The British actor, coming off his biggest role in Luca Guadagnino’s teasing tennis drama Challengers, plays Dusty, a Colorado man who has just lost almost everything, acres of inherited land gone in an instant. We meet him not long after as he finds himself unmoored, unsure of what his life looks like now, moving to a pokey trailer paid for by rapidly decreasing government funds, forced back into a world he had mostly turned his back on. That world includes his ex-wife Ruby (The White Lotus’s excellent and underused Meghann Fahy) and young daughter Callie Rose (the promising Australian actor Lily LaTorre), who he now has to parent in a way we assume he hasn’t for a while. One of the film’s more effective moments sees Ruby express frustration over how, as a mostly absent father, Dusty can still do no wrong in his child’s mind, a tough pill to swallow for a mother who has taken on the harder day-to-day weight of true parenting. Walker-Silverman, who enjoyed a low-key Sundance hit back in 2022 with the delicate romance A Love Song, tells stories in the smallest of touches, spare dialogue deprioritised over stunning scenery.

Part of Rebuilding involves Dusty’s wrestle with how to accept help, the character often resembling the parody of a strong and silent big-screen cowboy. It’s something the film is very aware of, with Ruby reminding him that his real name is the far less cinematic Thomas. O’Connor is familiar with this mode, having played a similarly reserved man of nature in Francis Lee’s involving gay romance God’s Own Country back in 2017. There’s far less for him to chew on here but, despite a not always convincing accent, he acquits himself well, an actor who can do a lot with very little, relying on the tiny details of his unusual face to express emotions the script mostly chooses to repress.

There’s a new community for Dusty, among those who are also displaced, also living in trailers, a makeshift village of people tied together by loss (one that also includes True Detective’s Kali Reis), figuring out how to gain some control over a life that has just shown that you ultimately have very little.
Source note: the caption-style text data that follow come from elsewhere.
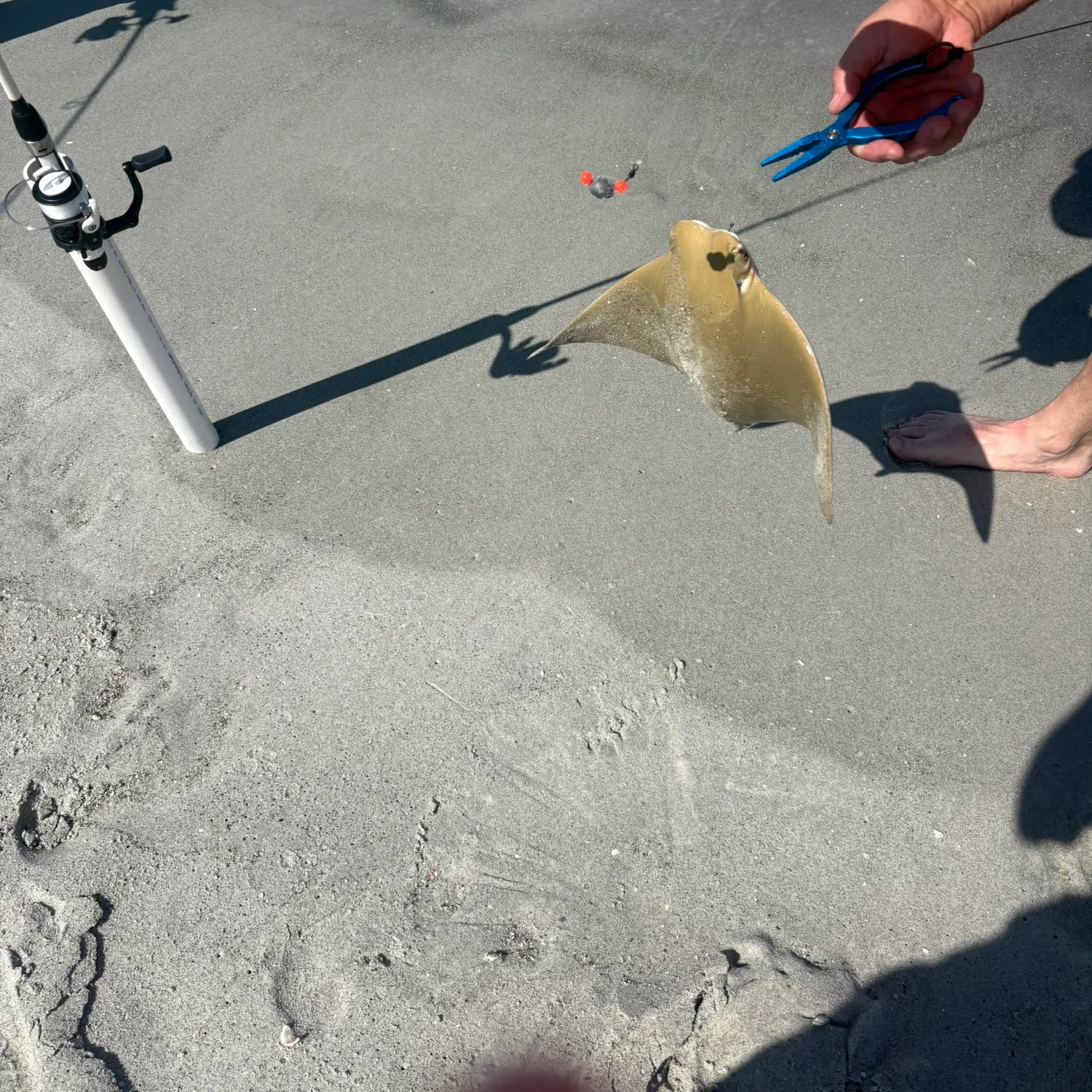 The most recent Cowtail stingray catches on Fishbrain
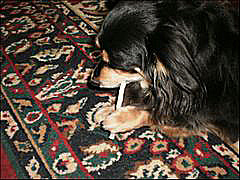 PA250020_edited-1.jpg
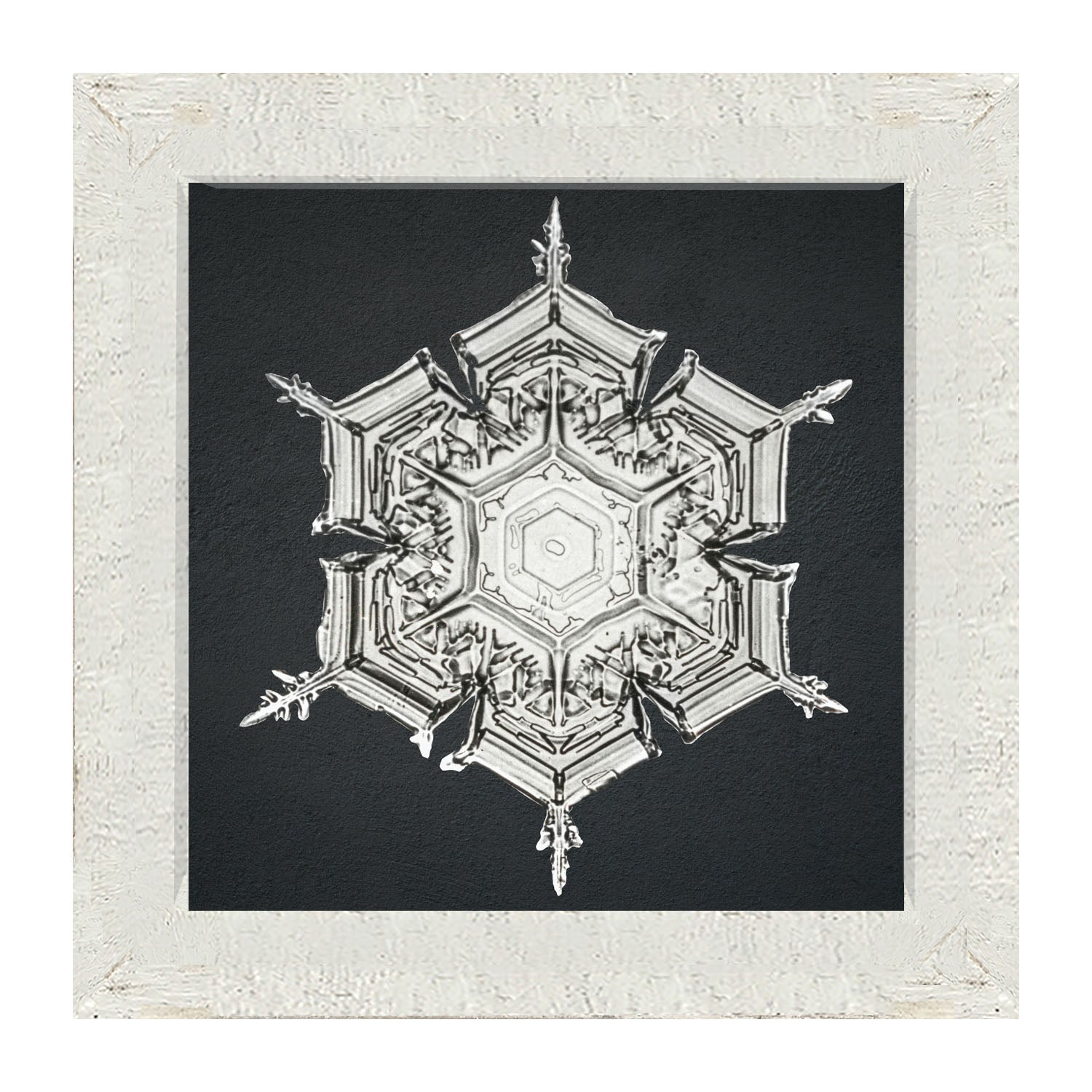 Snowflake-E - Framed art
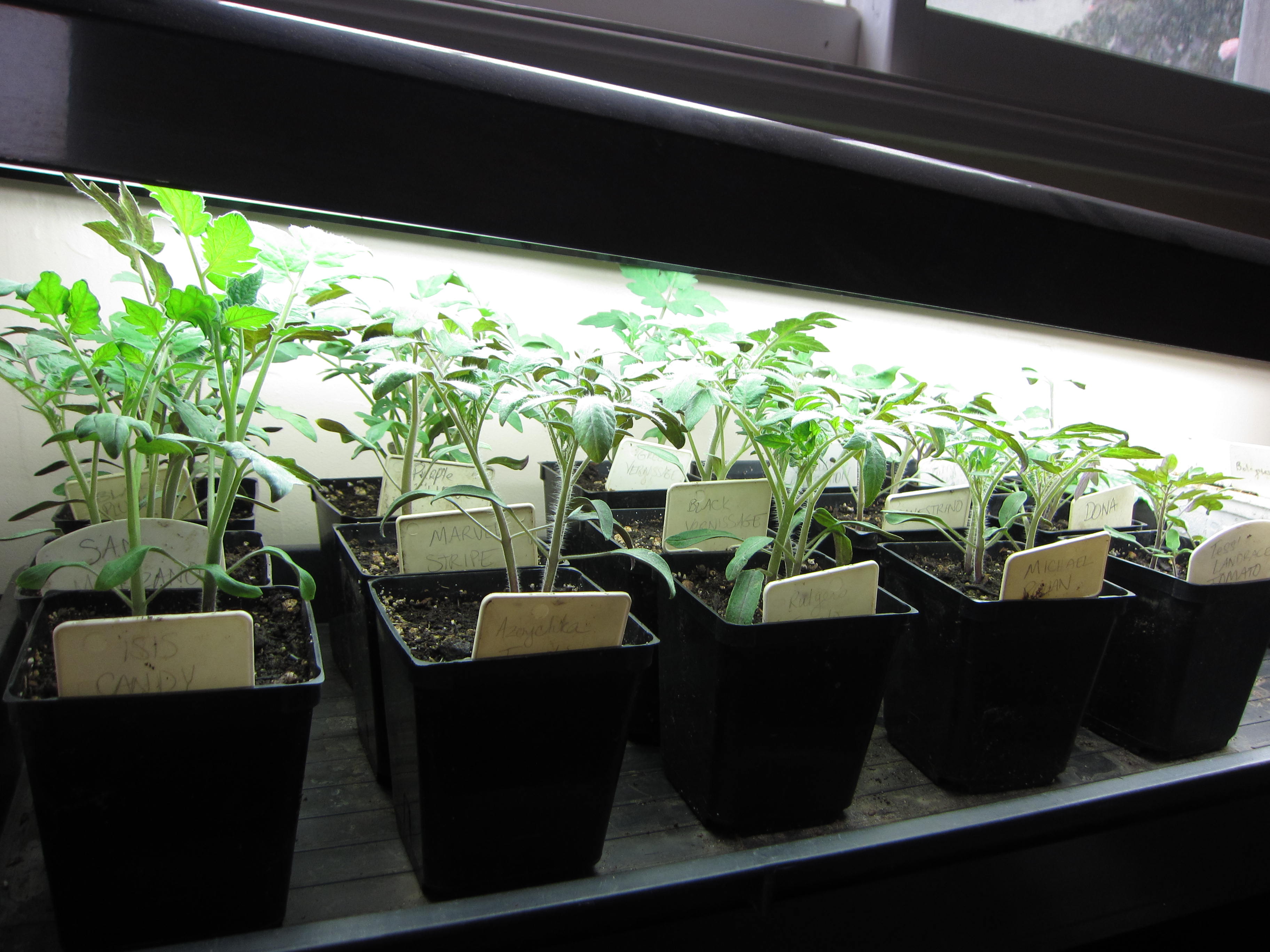 Wordless Wednesday tomato seedlings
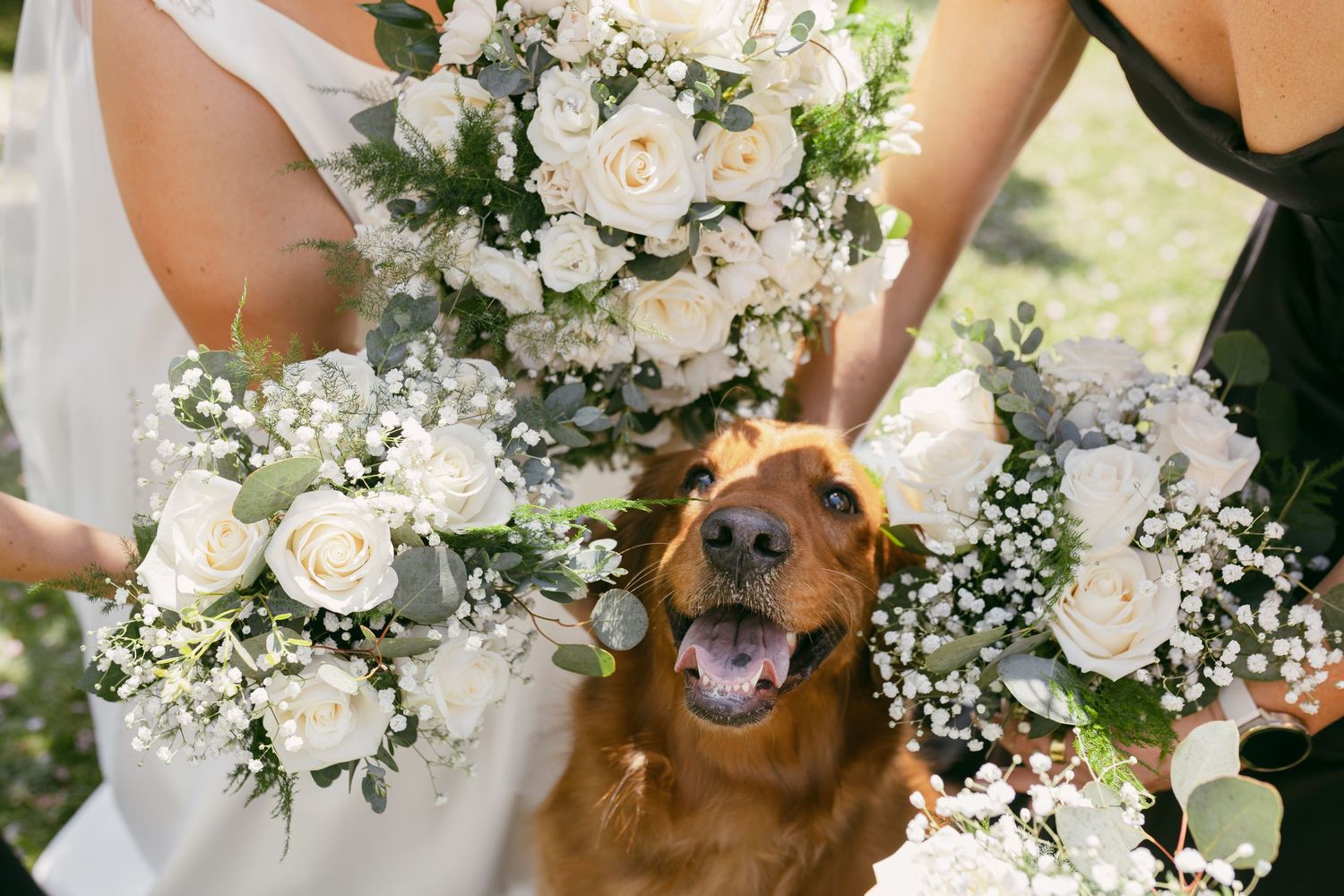 Happy golden retriever surrounded by white rose and baby's breath wedding bouquets held by bridesmaids in a garden setting.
Resistance for him is brief and futile as he starts to find his way back into the world.

Like many a Sundance movie, Rebuilding is a hushed and handsomely made drama reliant on the overwhelm of nature to fill in the many gaps. It has slightly more substance and refreshingly less forced quirkiness than A Love Song, which was almost too thin and would surely not have worked without the transfixing face of Dale Dickey, but it’s another film that’s sometimes a little underwritten to work as well as it could. Walker-Silverman’s characters need not speak in clumsily unreal, exposition-swamped terms but there’s a dearth of real, distinctive detail, some of his pages a little too blank. This lightness then makes the final act feel almost too plotted, as the sudden death of a minor character is quickly followed by a sweet if unrealistically easy save-the-day act of kindness, too much after too little.
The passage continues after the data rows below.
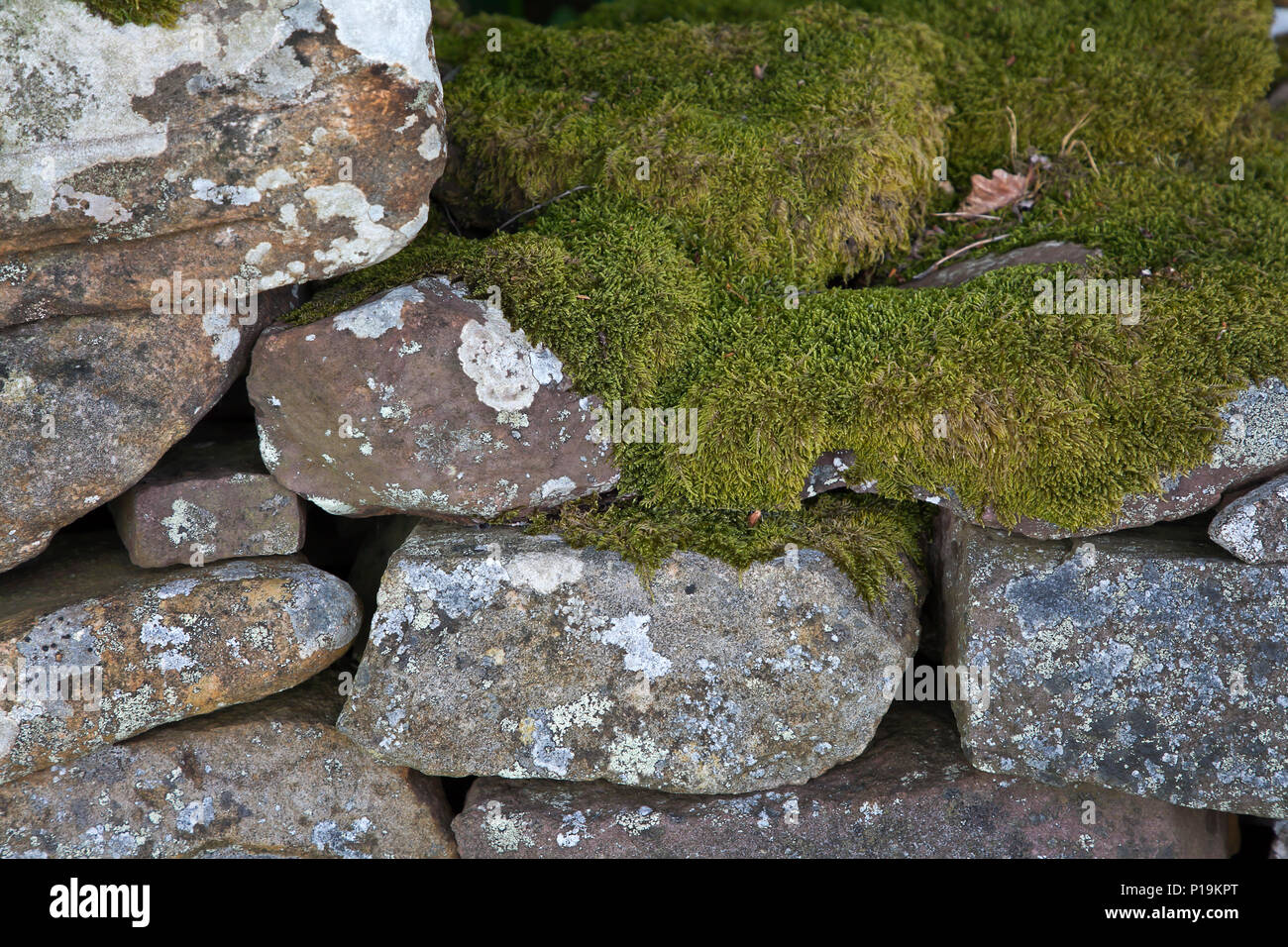 Détail du mur de grès rouge dans le parc national de Brecon Beacons, Pays de Galles, Royaume-Uni Banque D'Images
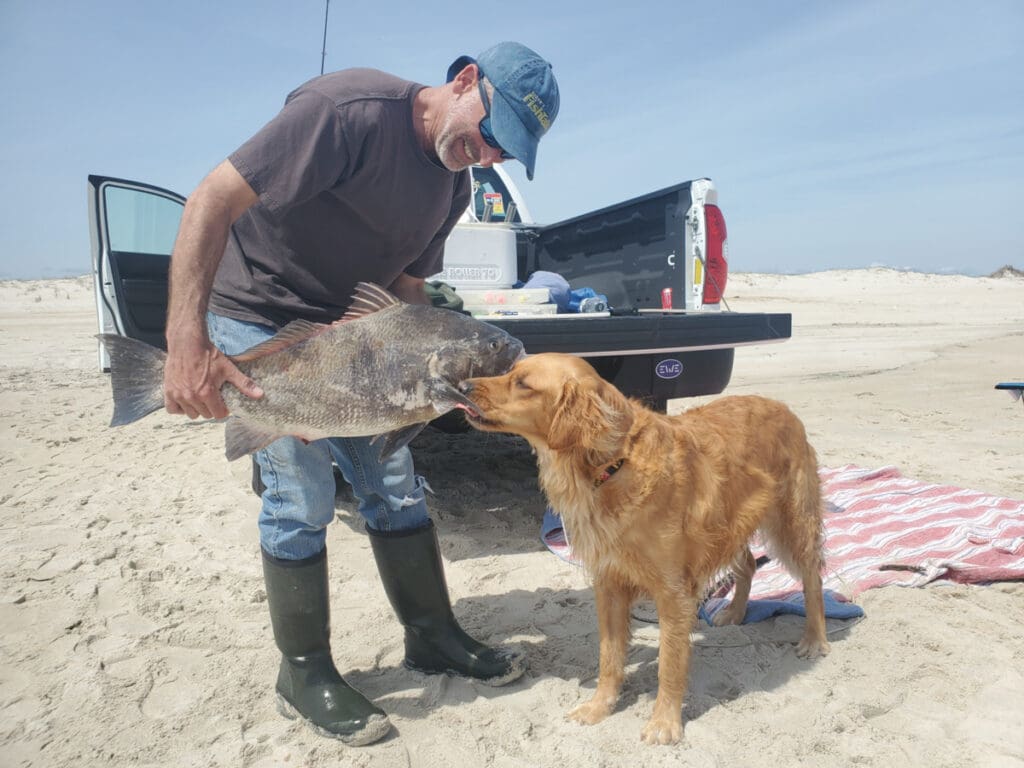dog licking fish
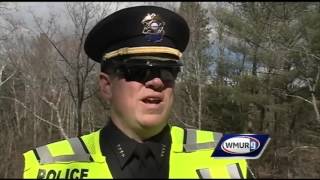 1 killed when tree crushes truck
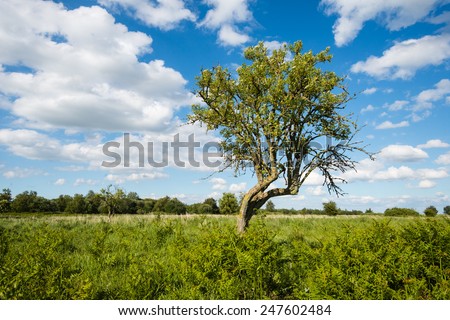 Whimsically shaped tree growing between the ferns on a hot day in the summer season with a bright blue sky and white clouds.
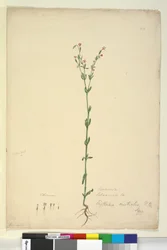 Strana 40. Erythraea australis, c.1803-06 (wc, pero, inkoust a tužka)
There are still scenes, even without the shadow of recent events, that offer an effective pang of poignancy, Walker-Silverman and O’Connor’s heavy-lifting performance showing us how jarring and hopeless the aftermath can feel. It’s a story about how to maintain one’s deep love for nature even when you’ve just been shown how awful and violent and unpredictable it can be. Recovery is shown to be a tough, jagged process and while Rebuilding might not offer much in the way of specifics, it offers a wealth of hope which might be enough for now.